◆ ENTRIES SUPPLIED
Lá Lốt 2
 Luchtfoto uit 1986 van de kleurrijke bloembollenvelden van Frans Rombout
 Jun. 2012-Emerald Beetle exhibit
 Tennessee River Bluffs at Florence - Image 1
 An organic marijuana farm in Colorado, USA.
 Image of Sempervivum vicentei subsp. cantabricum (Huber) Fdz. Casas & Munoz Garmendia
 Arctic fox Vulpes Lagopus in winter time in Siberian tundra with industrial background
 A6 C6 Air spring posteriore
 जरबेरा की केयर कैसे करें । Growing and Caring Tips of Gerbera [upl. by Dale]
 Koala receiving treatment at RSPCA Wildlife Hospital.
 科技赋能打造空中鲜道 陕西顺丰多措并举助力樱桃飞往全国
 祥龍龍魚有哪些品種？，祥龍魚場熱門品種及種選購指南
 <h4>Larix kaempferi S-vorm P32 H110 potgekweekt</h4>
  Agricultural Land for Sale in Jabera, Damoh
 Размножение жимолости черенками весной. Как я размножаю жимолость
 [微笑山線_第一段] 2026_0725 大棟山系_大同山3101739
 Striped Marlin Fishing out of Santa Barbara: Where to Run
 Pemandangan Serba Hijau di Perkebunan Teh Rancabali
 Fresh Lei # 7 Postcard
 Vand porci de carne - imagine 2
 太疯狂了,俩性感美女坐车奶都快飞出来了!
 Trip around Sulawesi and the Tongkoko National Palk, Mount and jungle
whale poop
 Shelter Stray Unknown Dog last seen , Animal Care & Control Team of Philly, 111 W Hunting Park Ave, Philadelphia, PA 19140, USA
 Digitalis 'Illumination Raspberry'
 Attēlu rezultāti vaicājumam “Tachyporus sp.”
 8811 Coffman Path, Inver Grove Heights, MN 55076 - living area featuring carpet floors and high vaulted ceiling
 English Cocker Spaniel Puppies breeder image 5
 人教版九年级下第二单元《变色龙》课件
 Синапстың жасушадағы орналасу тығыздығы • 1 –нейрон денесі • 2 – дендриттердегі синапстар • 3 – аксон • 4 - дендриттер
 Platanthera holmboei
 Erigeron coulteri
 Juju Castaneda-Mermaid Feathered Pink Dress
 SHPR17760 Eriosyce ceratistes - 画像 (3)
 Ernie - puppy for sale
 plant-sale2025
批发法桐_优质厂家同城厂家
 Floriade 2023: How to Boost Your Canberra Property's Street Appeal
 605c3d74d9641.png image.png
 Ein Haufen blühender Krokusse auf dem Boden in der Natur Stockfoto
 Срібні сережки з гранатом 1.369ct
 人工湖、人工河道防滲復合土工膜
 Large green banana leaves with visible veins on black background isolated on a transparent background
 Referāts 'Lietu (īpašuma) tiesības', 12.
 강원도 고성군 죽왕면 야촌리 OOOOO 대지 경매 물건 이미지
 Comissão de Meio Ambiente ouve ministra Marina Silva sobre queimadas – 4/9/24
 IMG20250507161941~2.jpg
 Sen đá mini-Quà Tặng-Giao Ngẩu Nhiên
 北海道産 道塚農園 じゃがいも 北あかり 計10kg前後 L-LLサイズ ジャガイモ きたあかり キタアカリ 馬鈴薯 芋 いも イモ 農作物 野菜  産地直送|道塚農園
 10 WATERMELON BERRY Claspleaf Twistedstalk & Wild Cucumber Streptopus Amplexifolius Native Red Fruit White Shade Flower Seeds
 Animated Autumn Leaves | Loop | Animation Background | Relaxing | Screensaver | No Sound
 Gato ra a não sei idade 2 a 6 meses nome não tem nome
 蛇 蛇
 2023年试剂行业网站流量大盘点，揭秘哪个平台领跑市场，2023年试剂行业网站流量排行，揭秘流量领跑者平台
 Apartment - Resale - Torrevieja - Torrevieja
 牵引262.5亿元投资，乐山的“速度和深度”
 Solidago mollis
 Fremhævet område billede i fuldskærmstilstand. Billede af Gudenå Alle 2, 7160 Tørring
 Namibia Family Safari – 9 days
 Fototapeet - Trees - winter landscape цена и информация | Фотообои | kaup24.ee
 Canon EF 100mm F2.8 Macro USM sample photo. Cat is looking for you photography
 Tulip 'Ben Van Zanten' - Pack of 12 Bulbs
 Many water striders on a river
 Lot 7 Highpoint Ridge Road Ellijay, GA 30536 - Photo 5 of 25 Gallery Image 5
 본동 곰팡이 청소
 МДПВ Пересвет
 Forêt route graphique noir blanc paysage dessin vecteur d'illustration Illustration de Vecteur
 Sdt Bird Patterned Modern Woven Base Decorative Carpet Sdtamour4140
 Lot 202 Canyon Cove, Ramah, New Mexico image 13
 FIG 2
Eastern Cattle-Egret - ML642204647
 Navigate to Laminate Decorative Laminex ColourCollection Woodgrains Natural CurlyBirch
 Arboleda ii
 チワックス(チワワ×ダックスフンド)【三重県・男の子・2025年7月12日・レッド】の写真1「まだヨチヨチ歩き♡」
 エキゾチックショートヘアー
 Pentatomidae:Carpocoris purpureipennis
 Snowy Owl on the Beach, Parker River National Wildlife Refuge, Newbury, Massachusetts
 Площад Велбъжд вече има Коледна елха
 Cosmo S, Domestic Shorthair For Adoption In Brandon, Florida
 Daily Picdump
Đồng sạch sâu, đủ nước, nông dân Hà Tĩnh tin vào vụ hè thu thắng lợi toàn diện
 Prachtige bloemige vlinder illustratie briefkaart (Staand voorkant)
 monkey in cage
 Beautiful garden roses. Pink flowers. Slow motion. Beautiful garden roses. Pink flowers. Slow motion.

◆ EXERCISE DETAILS
The response should consist of the entries above, retyped exactly.

◆ TASK OUTPUT
Lá Lốt 2
 Luchtfoto uit 1986 van de kleurrijke bloembollenvelden van Frans Rombout
 Jun. 2012-Emerald Beetle exhibit
 Tennessee River Bluffs at Florence - Image 1
 An organic marijuana farm in Colorado, USA.
 Image of Sempervivum vicentei subsp. cantabricum (Huber) Fdz. Casas & Munoz Garmendia
 Arctic fox Vulpes Lagopus in winter time in Siberian tundra with industrial background
 A6 C6 Air spring posteriore
 जरबेरा की केयर कैसे करें । Growing and Caring Tips of Gerbera [upl. by Dale]
 Koala receiving treatment at RSPCA Wildlife Hospital.
 科技赋能打造空中鲜道 陕西顺丰多措并举助力樱桃飞往全国
 祥龍龍魚有哪些品種？，祥龍魚場熱門品種及種選購指南
 <h4>Larix kaempferi S-vorm P32 H110 potgekweekt</h4>
  Agricultural Land for Sale in Jabera, Damoh
 Размножение жимолости черенками весной. Как я размножаю жимолость
 [微笑山線_第一段] 2026_0725 大棟山系_大同山3101739
 Striped Marlin Fishing out of Santa Barbara: Where to Run
 Pemandangan Serba Hijau di Perkebunan Teh Rancabali
 Fresh Lei # 7 Postcard
 Vand porci de carne - imagine 2
 太疯狂了,俩性感美女坐车奶都快飞出来了!
 Trip around Sulawesi and the Tongkoko National Palk, Mount and jungle
whale poop
 Shelter Stray Unknown Dog last seen , Animal Care & Control Team of Philly, 111 W Hunting Park Ave, Philadelphia, PA 19140, USA
 Digitalis 'Illumination Raspberry'
 Attēlu rezultāti vaicājumam “Tachyporus sp.”
 8811 Coffman Path, Inver Grove Heights, MN 55076 - living area featuring carpet floors and high vaulted ceiling
 English Cocker Spaniel Puppies breeder image 5
 人教版九年级下第二单元《变色龙》课件
 Синапстың жасушадағы орналасу тығыздығы • 1 –нейрон денесі • 2 – дендриттердегі синапстар • 3 – аксон • 4 - дендриттер
 Platanthera holmboei
 Erigeron coulteri
 Juju Castaneda-Mermaid Feathered Pink Dress
 SHPR17760 Eriosyce ceratistes - 画像 (3)
 Ernie - puppy for sale
 plant-sale2025
批发法桐_优质厂家同城厂家
 Floriade 2023: How to Boost Your Canberra Property's Street Appeal
 605c3d74d9641.png image.png
 Ein Haufen blühender Krokusse auf dem Boden in der Natur Stockfoto
 Срібні сережки з гранатом 1.369ct
 人工湖、人工河道防滲復合土工膜
 Large green banana leaves with visible veins on black background isolated on a transparent background
 Referāts 'Lietu (īpašuma) tiesības', 12.
 강원도 고성군 죽왕면 야촌리 OOOOO 대지 경매 물건 이미지
 Comissão de Meio Ambiente ouve ministra Marina Silva sobre queimadas – 4/9/24
 IMG20250507161941~2.jpg
 Sen đá mini-Quà Tặng-Giao Ngẩu Nhiên
 北海道産 道塚農園 じゃがいも 北あかり 計10kg前後 L-LLサイズ ジャガイモ きたあかり キタアカリ 馬鈴薯 芋 いも イモ 農作物 野菜  産地直送|道塚農園
 10 WATERMELON BERRY Claspleaf Twistedstalk & Wild Cucumber Streptopus Amplexifolius Native Red Fruit White Shade Flower Seeds
 Animated Autumn Leaves | Loop | Animation Background | Relaxing | Screensaver | No Sound
 Gato ra a não sei idade 2 a 6 meses nome não tem nome
 蛇 蛇
 2023年试剂行业网站流量大盘点，揭秘哪个平台领跑市场，2023年试剂行业网站流量排行，揭秘流量领跑者平台
 Apartment - Resale - Torrevieja - Torrevieja
 牵引262.5亿元投资，乐山的“速度和深度”
 Solidago mollis
 Fremhævet område billede i fuldskærmstilstand. Billede af Gudenå Alle 2, 7160 Tørring
 Namibia Family Safari – 9 days
 Fototapeet - Trees - winter landscape цена и информация | Фотообои | kaup24.ee
 Canon EF 100mm F2.8 Macro USM sample photo. Cat is looking for you photography
 Tulip 'Ben Van Zanten' - Pack of 12 Bulbs
 Many water striders on a river
 Lot 7 Highpoint Ridge Road Ellijay, GA 30536 - Photo 5 of 25 Gallery Image 5
 본동 곰팡이 청소
 МДПВ Пересвет
 Forêt route graphique noir blanc paysage dessin vecteur d'illustration Illustration de Vecteur
 Sdt Bird Patterned Modern Woven Base Decorative Carpet Sdtamour4140
 Lot 202 Canyon Cove, Ramah, New Mexico image 13
 FIG 2
Eastern Cattle-Egret - ML642204647
 Navigate to Laminate Decorative Laminex ColourCollection Woodgrains Natural CurlyBirch
 Arboleda ii
 チワックス(チワワ×ダックスフンド)【三重県・男の子・2025年7月12日・レッド】の写真1「まだヨチヨチ歩き♡」
 エキゾチックショートヘアー
 Pentatomidae:Carpocoris purpureipennis
 Snowy Owl on the Beach, Parker River National Wildlife Refuge, Newbury, Massachusetts
 Площад Велбъжд вече има Коледна елха
 Cosmo S, Domestic Shorthair For Adoption In Brandon, Florida
 Daily Picdump
Đồng sạch sâu, đủ nước, nông dân Hà Tĩnh tin vào vụ hè thu thắng lợi toàn diện
 Prachtige bloemige vlinder illustratie briefkaart (Staand voorkant)
 monkey in cage
 Beautiful garden roses. Pink flowers. Slow motion. Beautiful garden roses. Pink flowers. Slow motion.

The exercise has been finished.